◆ What is required
Down to the last line, repeat the entries exactly and drop any image.
*** Provided data ***
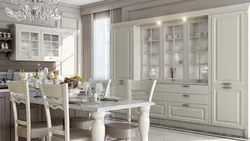 Photo of Marie's kitchen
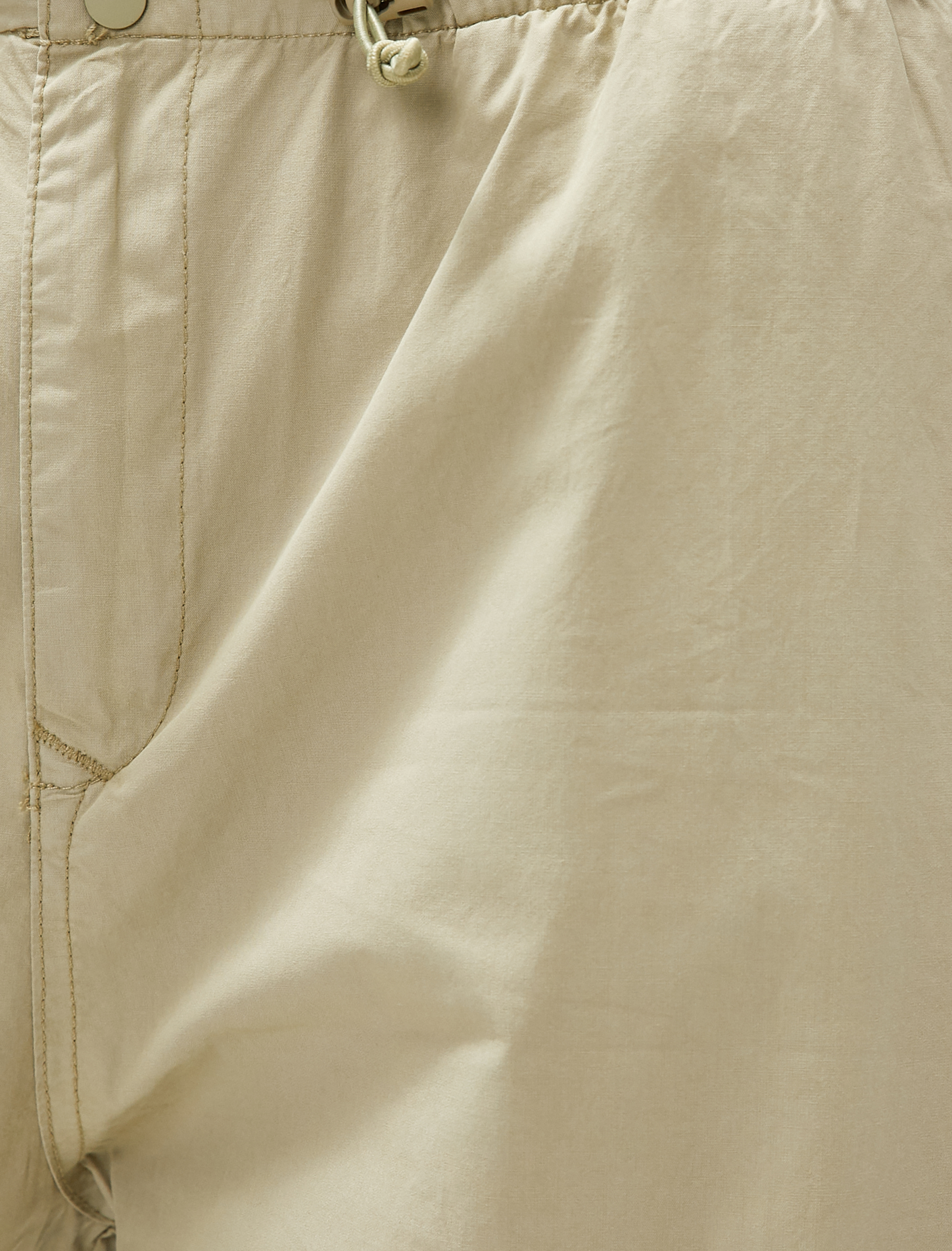   Paraşüt Pantolon Kargo Cep Detaylı Stoperli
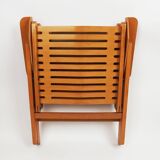 Rex folding armchair by Niko Kralj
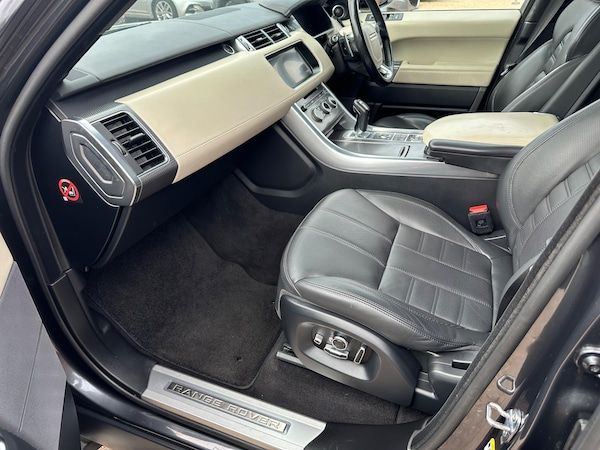 Used Land Rover Range Rover Sport 2017 for sale - 75696255: Photo 22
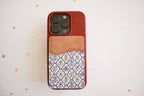 Marian Royal Blue Phone Wallet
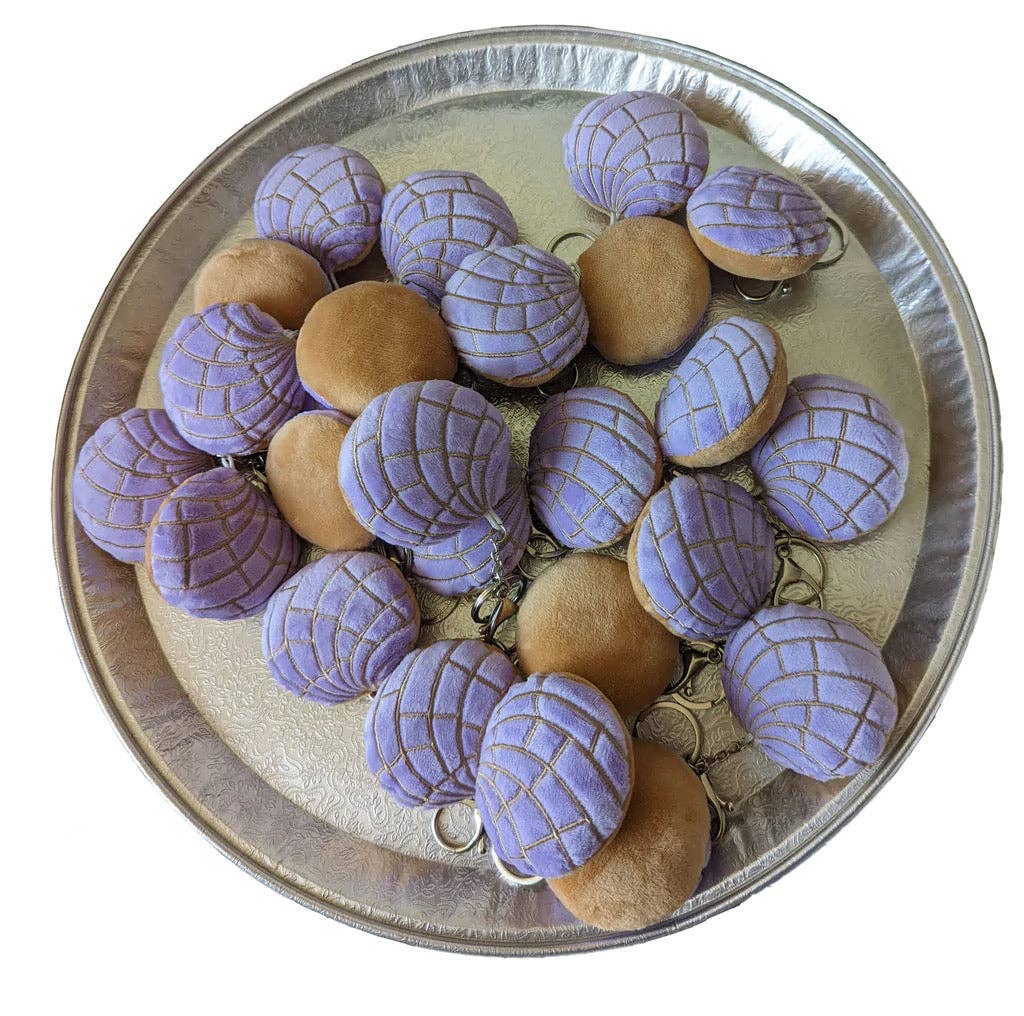 Cielito Lindo - Wholesale Keychain - Women's - Pan Dulce Conchas Churros and Piggies Keychains9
*** End of Provided data ***
◆ Solution below
 Photo of Marie's kitchen
   Paraşüt Pantolon Kargo Cep Detaylı Stoperli
 Rex folding armchair by Niko Kralj
 Used Land Rover Range Rover Sport 2017 for sale - 75696255: Photo 22
 Marian Royal Blue Phone Wallet
 Cielito Lindo - Wholesale Keychain - Women's - Pan Dulce Conchas Churros and Piggies Keychains9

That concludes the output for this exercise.